All entries are to be printed again exactly, with their images omitted.

[Collection entries]
________
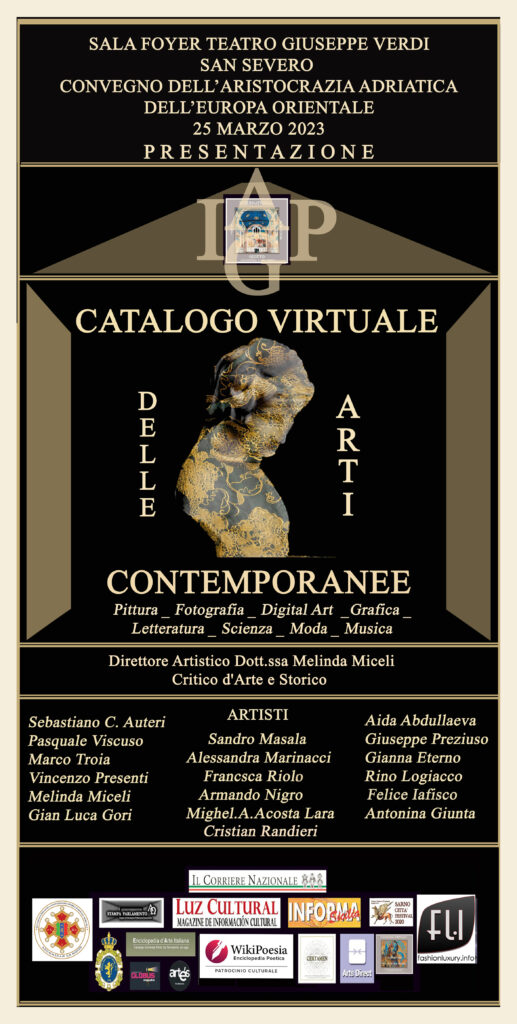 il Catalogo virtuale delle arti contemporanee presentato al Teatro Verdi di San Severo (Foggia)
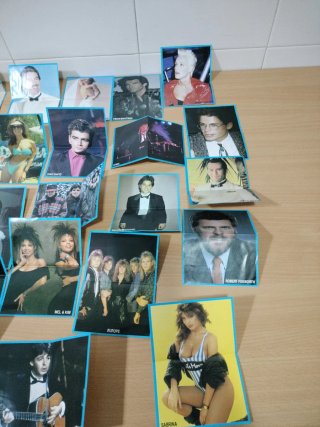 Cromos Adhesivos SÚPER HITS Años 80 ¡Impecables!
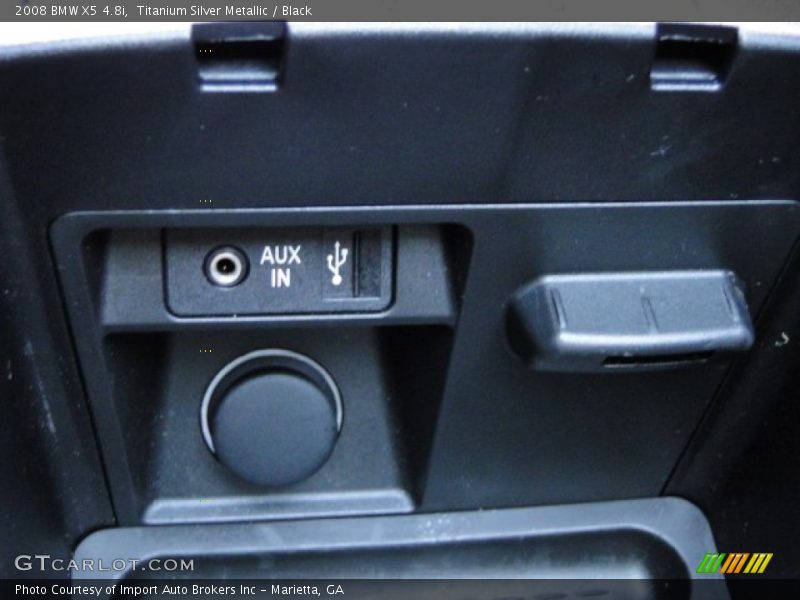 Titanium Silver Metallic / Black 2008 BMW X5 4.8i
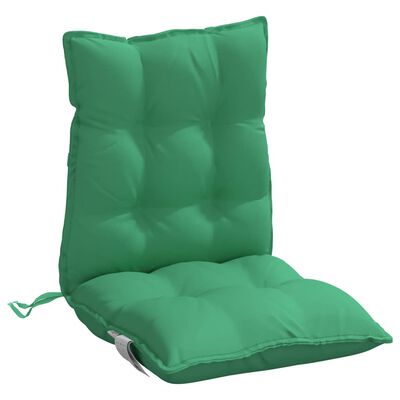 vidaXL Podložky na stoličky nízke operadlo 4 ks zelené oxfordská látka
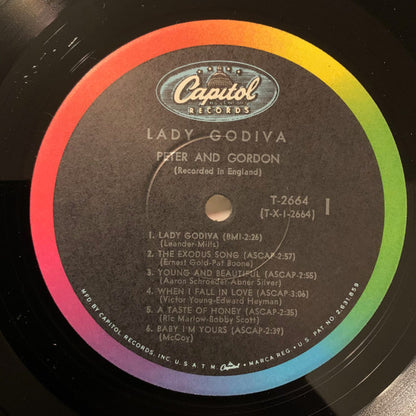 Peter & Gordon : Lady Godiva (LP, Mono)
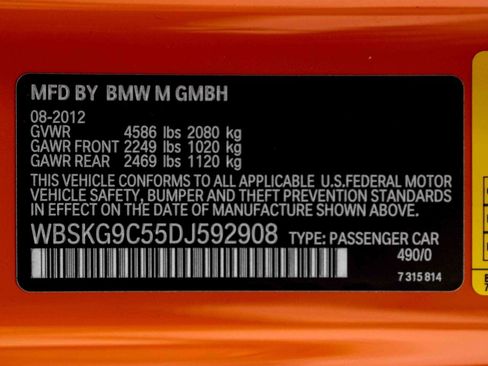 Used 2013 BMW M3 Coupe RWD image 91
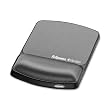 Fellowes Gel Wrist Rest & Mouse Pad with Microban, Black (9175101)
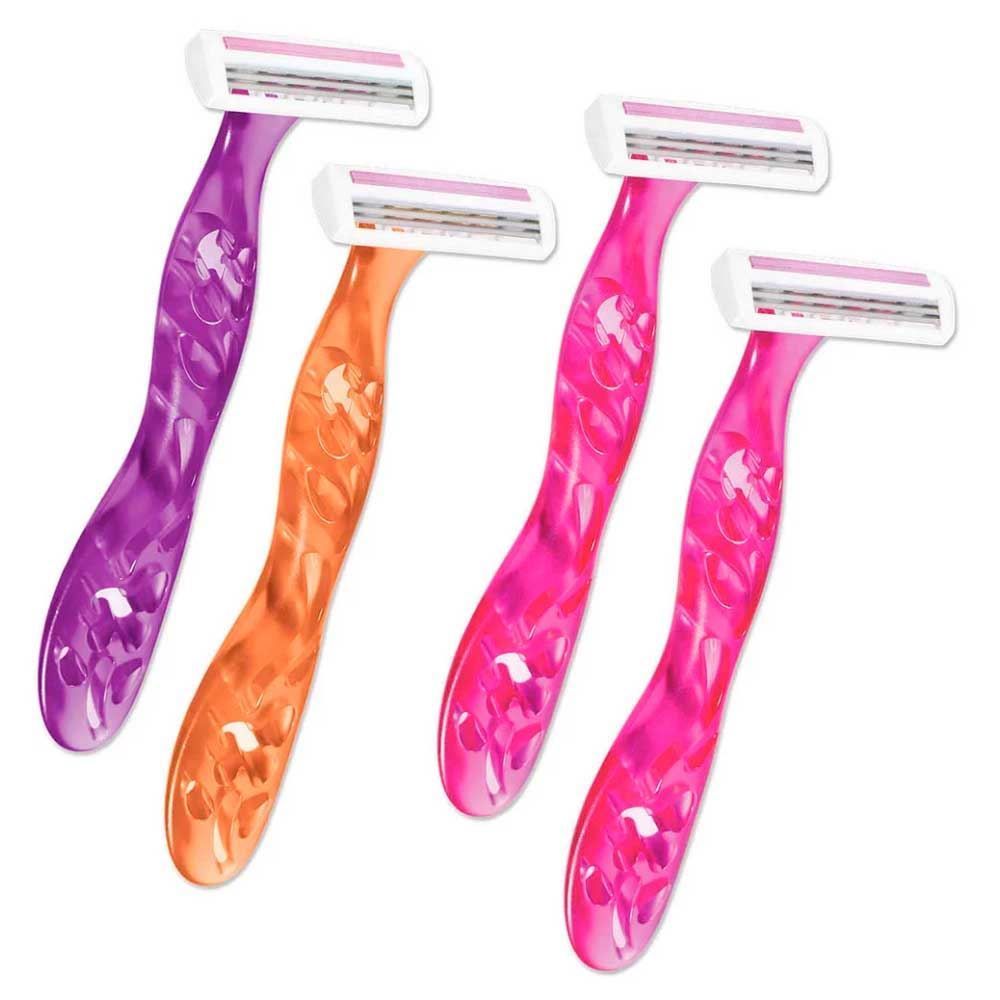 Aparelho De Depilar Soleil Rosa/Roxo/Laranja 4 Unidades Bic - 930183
________
- [Finished exercise]:
 il Catalogo virtuale delle arti contemporanee presentato al Teatro Verdi di San Severo (Foggia)
 Cromos Adhesivos SÚPER HITS Años 80 ¡Impecables!
 Titanium Silver Metallic / Black 2008 BMW X5 4.8i
 vidaXL Podložky na stoličky nízke operadlo 4 ks zelené oxfordská látka
 Peter & Gordon : Lady Godiva (LP, Mono)
 Used 2013 BMW M3 Coupe RWD image 91
 Fellowes Gel Wrist Rest & Mouse Pad with Microban, Black (9175101)
 Aparelho De Depilar Soleil Rosa/Roxo/Laranja 4 Unidades Bic - 930183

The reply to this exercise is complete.